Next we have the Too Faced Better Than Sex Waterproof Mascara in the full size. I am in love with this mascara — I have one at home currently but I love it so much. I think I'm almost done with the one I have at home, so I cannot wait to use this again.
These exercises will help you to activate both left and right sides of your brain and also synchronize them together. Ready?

========

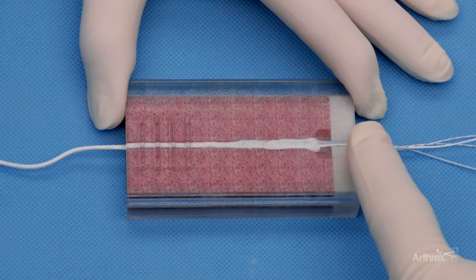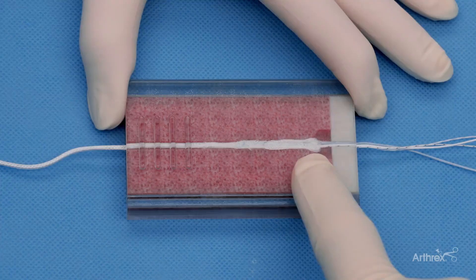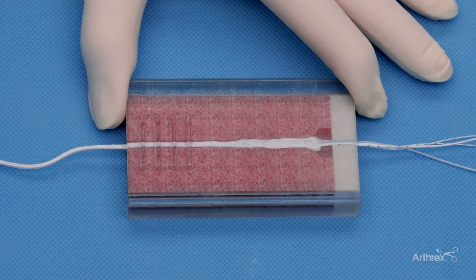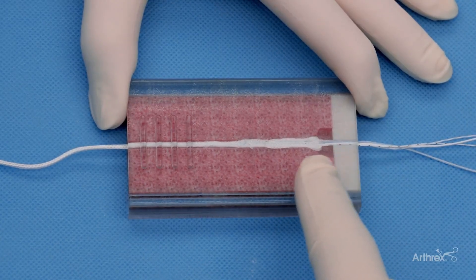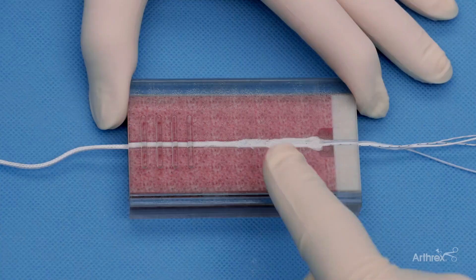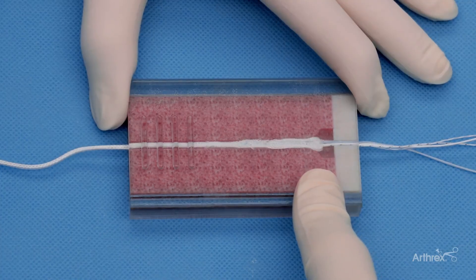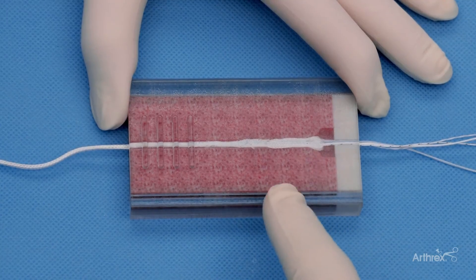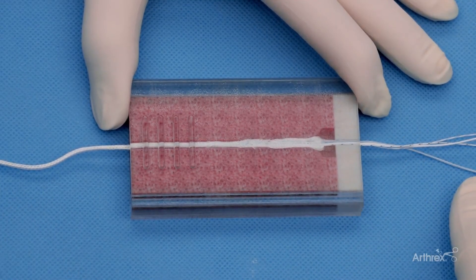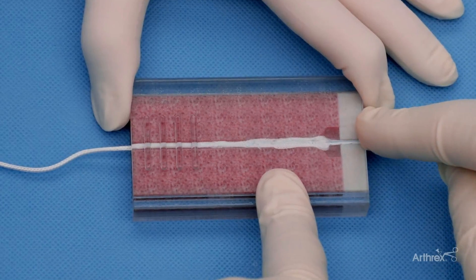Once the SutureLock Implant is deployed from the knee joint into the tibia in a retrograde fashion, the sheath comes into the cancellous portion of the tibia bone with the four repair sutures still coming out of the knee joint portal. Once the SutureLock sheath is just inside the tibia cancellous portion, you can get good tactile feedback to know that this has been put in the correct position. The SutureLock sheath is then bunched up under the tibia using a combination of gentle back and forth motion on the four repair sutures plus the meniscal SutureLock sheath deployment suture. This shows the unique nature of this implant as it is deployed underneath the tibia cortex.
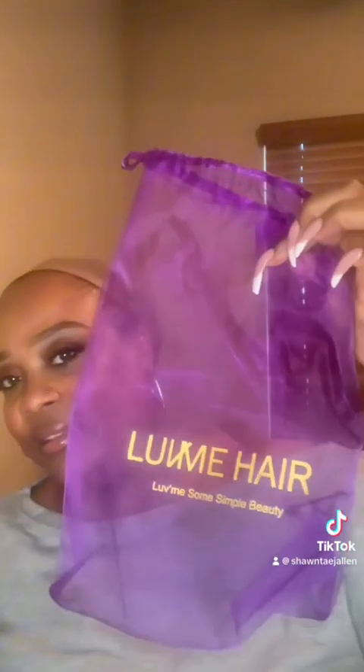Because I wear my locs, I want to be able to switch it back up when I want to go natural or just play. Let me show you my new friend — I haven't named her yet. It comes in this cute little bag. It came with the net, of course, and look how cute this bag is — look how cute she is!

========

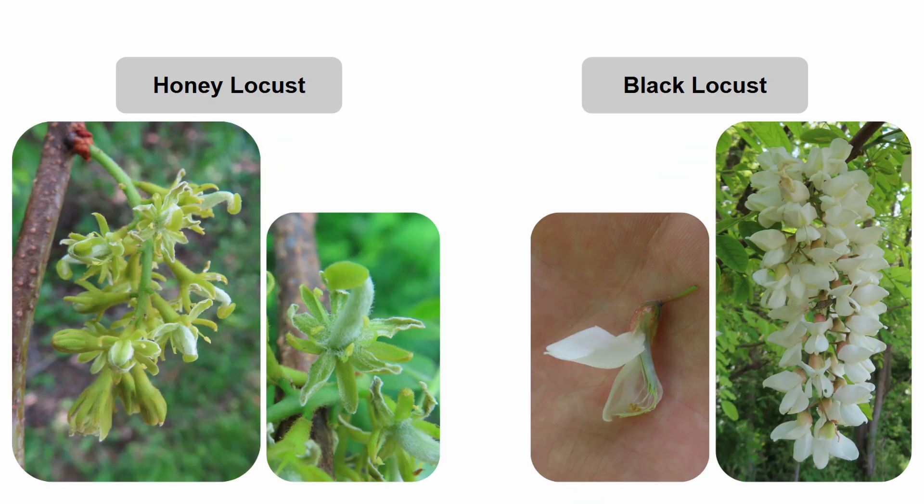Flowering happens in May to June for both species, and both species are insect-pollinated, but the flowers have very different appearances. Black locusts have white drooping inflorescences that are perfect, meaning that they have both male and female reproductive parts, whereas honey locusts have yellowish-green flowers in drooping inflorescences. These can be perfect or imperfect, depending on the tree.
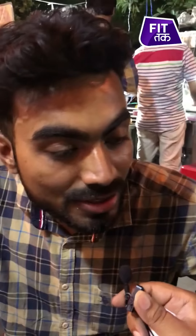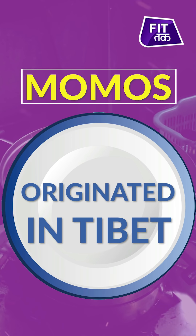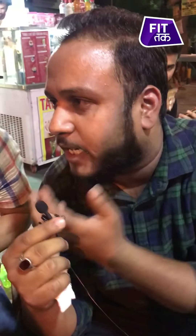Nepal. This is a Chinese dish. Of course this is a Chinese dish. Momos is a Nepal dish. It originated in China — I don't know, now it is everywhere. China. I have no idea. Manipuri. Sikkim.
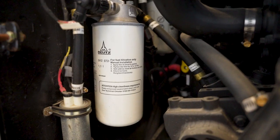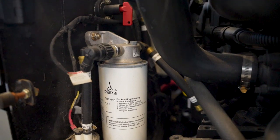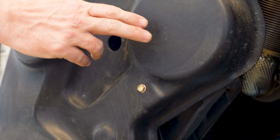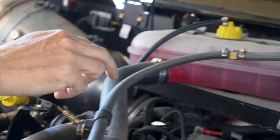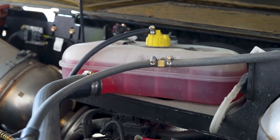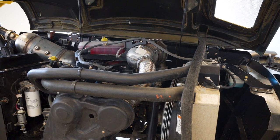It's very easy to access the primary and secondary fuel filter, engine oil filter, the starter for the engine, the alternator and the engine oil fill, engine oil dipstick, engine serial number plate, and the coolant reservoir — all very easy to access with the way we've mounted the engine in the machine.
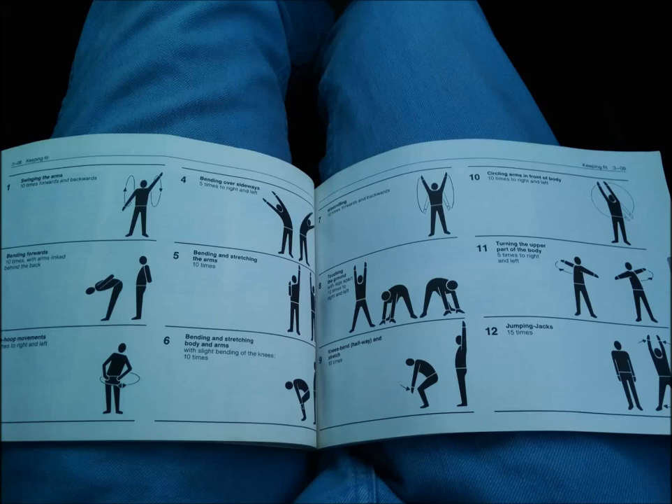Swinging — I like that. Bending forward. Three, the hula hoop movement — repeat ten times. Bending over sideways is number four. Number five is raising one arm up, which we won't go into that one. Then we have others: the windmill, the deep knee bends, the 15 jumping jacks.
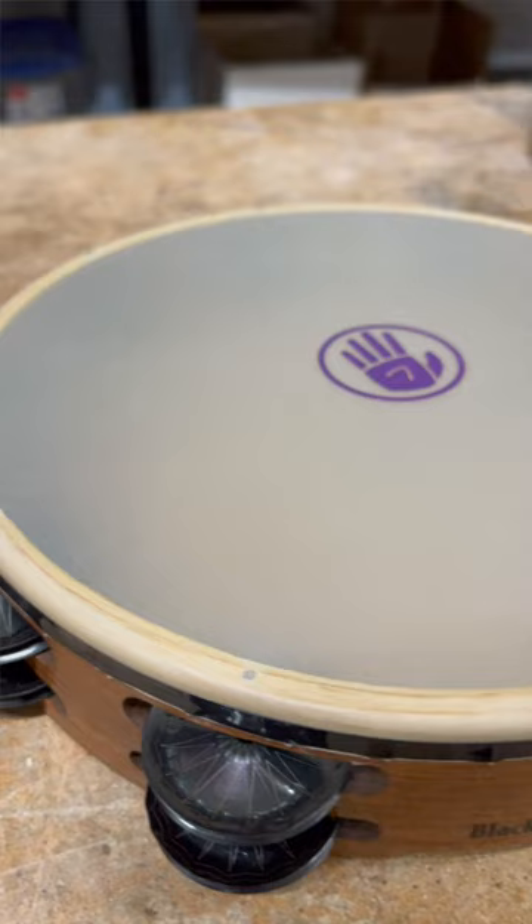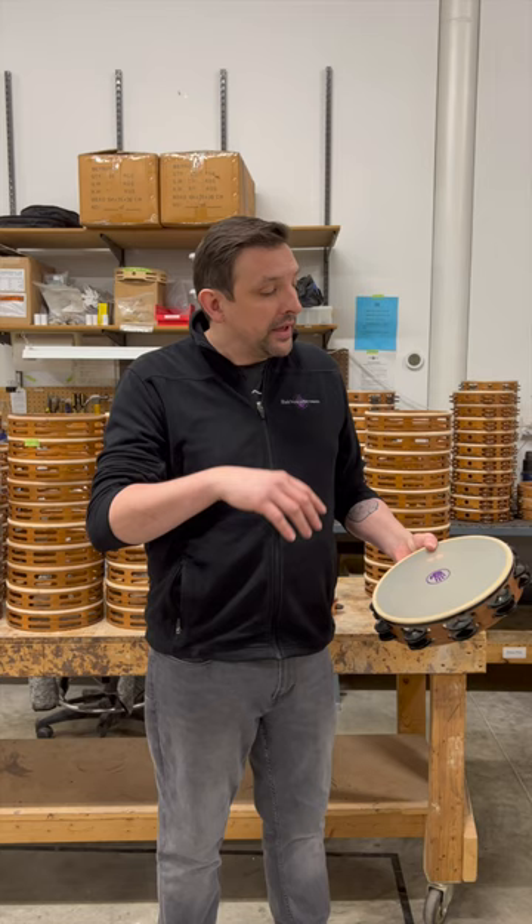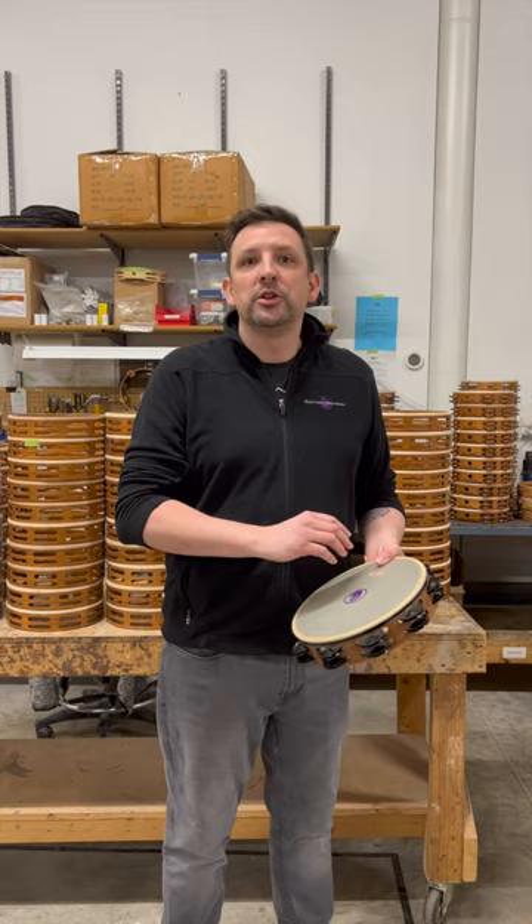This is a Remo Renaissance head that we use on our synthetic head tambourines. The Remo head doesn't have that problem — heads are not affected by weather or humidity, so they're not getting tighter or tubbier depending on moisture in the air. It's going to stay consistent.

========

_Requirement_. Copy the stretch of the records above that runs from the line with "Next we have" through the line with "These exercises will". Both end lines belong in the copy, and nothing else does.

_Answer section_.
Next we have the Too Faced Better Than Sex Waterproof Mascara in the full size. I am in love with this mascara — I have one at home currently but I love it so much. I think I'm almost done with the one I have at home, so I cannot wait to use this again.
These exercises will help you to activate both left and right sides of your brain and also synchronize them together. Ready?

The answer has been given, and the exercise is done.